Database: in this example AdventureWorks2019

Trusted_connection: use to skip username and password if using windows authentication. If using a Microsoft SQL Server login, then the connection string will look like this. Note UID and PWD:

conn = pyodbc.connect('DRIVER= {ODBC Driver 18 for SQL Server}; \
                        SERVER=.; \
                        DATABASE=AdventureWorks2019; \
                        UID=user_name;\
                        PWD=your_password')

Running this code will give you a valid connection object. Here are some important additional arguments when making a connection:

Auto_commit: by default, false. If true, will perform a COMMIT after each statement. Most of the time, you will want to set this to True. Note, when True, it is the database that executes a commit after each SQL statement, not pyodbc.
Read_only: by default, false
Timeout: connection timeout in seconds

With this in hand, we can proceed to using our connection.

Cursor object

Prior to executing any statement, you need a cursor object. This is a database cursor, which provides the context of the operation being executed. Database cursors map to ODBC handles statements (HSTMTs). Cursors created from the same connection are not isolated, i.e., any changes made to the database by one cursor are immediately visible by the other cursors. The cursor you make from your script cursors do not manage database transactions, transactions are committed and rolled-back from the connection. Two important attributes are:

Messages: displays any messages generated by the query
RowCount: how many rows were modified by the last statement

I will provide examples as we go along.

Run a statement

First let us get a list of all tables:

cursor = conn.cursor()
for row in cursor.tables(schema='HumanResources', tableType='TABLE'):
    print(row.table_name)
print(cursor.messages)
print(cursor.rowcount)

To the tables method we can pass an argument for schema name, as well as table type. The supported tableType arguments are: 'TABLE', 'VIEW', 'SYSTEM TABLE', 'GLOBAL TEMPORARY', 'LOCAL TEMPORARY', 'ALIAS', 'SYNONYM'. In our example, we get a list of the tables under the HumanResources schema. There were no messages returned after query execution completed and no rows have been modified.

Next, we can get some basic information about one or more tables. We can use the statistics function:

keys = ('table_cat','table_schem','table_name','non_unique','index_qualifier','index_name','type',
'ordinal_position','column_name','asc_or_desc','cardinality','pages','filter_condition')
 
for row in cursor.statistics(table='Department',schema='HumanResources'):
    print(dict(zip(keys,row)))

We have defined a tuple of keys prior to running statistics. The keys are listed in the pyodbc documentation. The method itself returns one row per index and one default row. By using dict and zip we can map the keys to the tuple output. Here you can see the basic table info, containing 16 rows and two indices.

SELECT statements

To run a SELECT statement, we must invoke the execute method on the cursor object.
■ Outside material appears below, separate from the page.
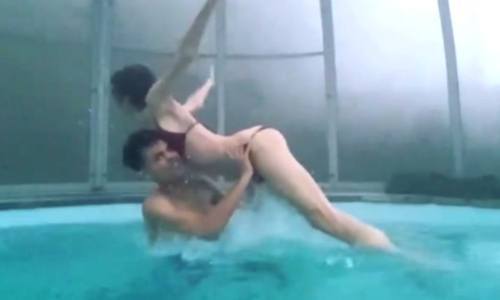 HILARISCH: Lize Feryn en haar 'sjoeke' wagen zich in water aan iconische dansmove. Maar helaas… (video)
Optionally, you can pass parameters to it and codemore complex queries. Using parameters is the only proper way. Pyodbc does not support string concatenation to create a query due to the risk of SQL injections.

cursor.execute(sql_statement, *parameters)

For example, this SQL query:

top_var = 100
result = cursor.execute('SELECT TOP (?) * FROM Sales.SalesOrderHeader', top_var)

The return value is the cursor itself. To access the data, there are a couple of ways.

Accessing data with a for loop

for row in result:
    print(f'{row.SalesOrderNumber}: {row.TotalDue}')

The row object represents every row returned from the table. You can select individual columns as shown in the example. The result is:

Accessing data one row at a time

Using the same result variable holding the whole dataset, we can call the fetchone() method. It will give you the next row the cursor stores.

row = result.fetchone()
if row:
   print(f'{row.SalesOrderNumber}: ${row.TotalDue:.2f}')

Accessing all rows

rows = result.fetchall()
for row in rows:
    print(f'{row.SalesOrderNumber}: ${row.TotalDue:.2f}')

This will load all rows in memory so beware of huge result sets. Accessing the data is identical to working directly with the cursor as shown previously. The result set is the same:

Result set schema

Regardless of how you access (row by row, one row at a time or all rows together), you can find the description attribute helpful. It returns a list of tuples. Each tuple contains 7 elements:

column name (or alias, if specified in the SQL)
type code
display size (pyodbc does not set this value)
internal size (in bytes)
precision
scale
nullable (True/False)

print(result.description[:3]) # first three columns

Further query parameterization

The power and real use of pyodbc comes from the fact that you can build your query dynamically and/or pass parameters to it based on the rest of the program's logic. Let us look at further examples showing how to do this.

Where

Looking at the same table, let us grab the top 5 records with a total due of less than or equal to 2000 USD:

top_var = 10
top_var = 5
total_due_limit = 2000
result = cursor.execute('SELECT TOP (?) * FROM Sales.SalesOrderHeader WHERE TotalDue <= ?', top_var, total_due_limit) 
rows = result.fetchall()
for row in rows:
    print(f'{row.SalesOrderNumber}: \n {row.CustomerID} ${row.TotalDue:.2f}')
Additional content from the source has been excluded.